Wie üblich wird nach dem Ende der Bundesliga-Hinrunde eine Zwischenbilanz gezogen. Auch Rekord-Nationalspieler Matthäus beteiligt sich daran und nominiert seine Top-Elf.

Der FC Bayern hat die 63. Hinrunde in der Bundesliga-Historie mit bemerkenswerten Rekorden abgeschlossen: Die Mannschaft von Cheftrainer Vincent Kompany egalisierte die 47 Punkte der Guardiola-Bayern von 2013/14, toppte aber deren Torverhältnis (44:9) auf sensationelle Weise: 66:13 Tore – nie erzielte ein Bundesligist in einer Halbserie annähernd so viele Treffer und konnte mit einer Netto-Bilanz von plus 53 konkurrieren. Angesichts der elf Punkte Vorsprung auf den Tabellen-Zweiten Borussia Dortmund scheint die Meisterschaft bereits entschieden.

Ex-Bayern-Spieler Lothar Matthäus nominierte nun für seinen Sender Sky seine Top-Elf der Hinrunde – und hatte dabei durchaus Überraschungen parat.
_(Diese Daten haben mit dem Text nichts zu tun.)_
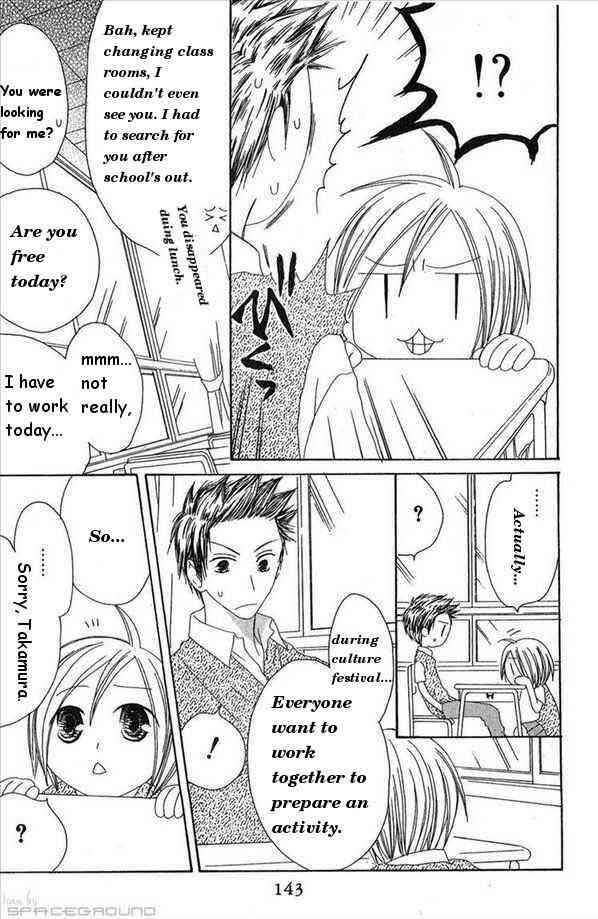 Page 15 Chapter 30 Shiawase Kissa Sanchoume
Wenig überraschend ist, dass darin sechs Profis des FC Bayern aufgeführt werden. Der Weltmeister von 1990 meint dazu sogar: „Aufgrund ihrer Dominanz könnte eigentlich die gesamte Elf der Hinrunde aus Spielern des FC Bayern bestehen. Doch es gibt auch Profis in anderen Mannschaften, die herausragende Leistungen gezeigt haben. Spieler, die mit ihren Vereinen nicht immer so im Vordergrund stehen, die es schwerer haben als die Bayern, sich aber eine Nominierung verdienen.“

Die Matthäus-Top-Elf 

Gregor Kobel (Borussia Dortmund) – Konrad Laimer, Dayot Upamecano (beide Bayern), Edmond Tapsoba, Alex Grimaldo (beide Leverkusen) – Joshua Kimmich (Bayern), Christoph Baumgartner, Yan Diomande (beide RB Leipzig), Michael Olise, Luis Díaz – Harry Kane (alle Bayern).

Während die Nominierung des Schweizer Keepers Kobel nachvollziehbar ist, kommen die zwei Defensiv-Spieler von Bayer Leverkusen in der Top-Elf durchaus unerwartet. Die Abwehr der Werkself wirkte in der Hinrunde häufiger keineswegs sattelfest und erhielt in 16 Spielen 24 Gegentore: Kein Topwert (zum Vergleich der FCB: 13 in 17 Partien). Nico Schlotterbeck aus der Abwehr herauszulassen ist sicherlich eine Überraschung, ihn nannte Matthäus aber gemeinsam mit Bayerns Jonathan Tah als weitere Optionen für diese Position.

In der Offensive dominiert natürlich der FC Bayern: Die 66 Tore, von welchen die nominierten Kane, Olise und Díaz die Mehrzahl erzielten, sind ein eindeutiges, nicht zu ignorierendes Argument. Auffällig: Der FCB-Mittelfeldmotor Kimmich ist der einzige deutsche Spieler in der Matthäus-Elf, die dagegen mit Laimer und Baumgartner zwei Österreicher enthält.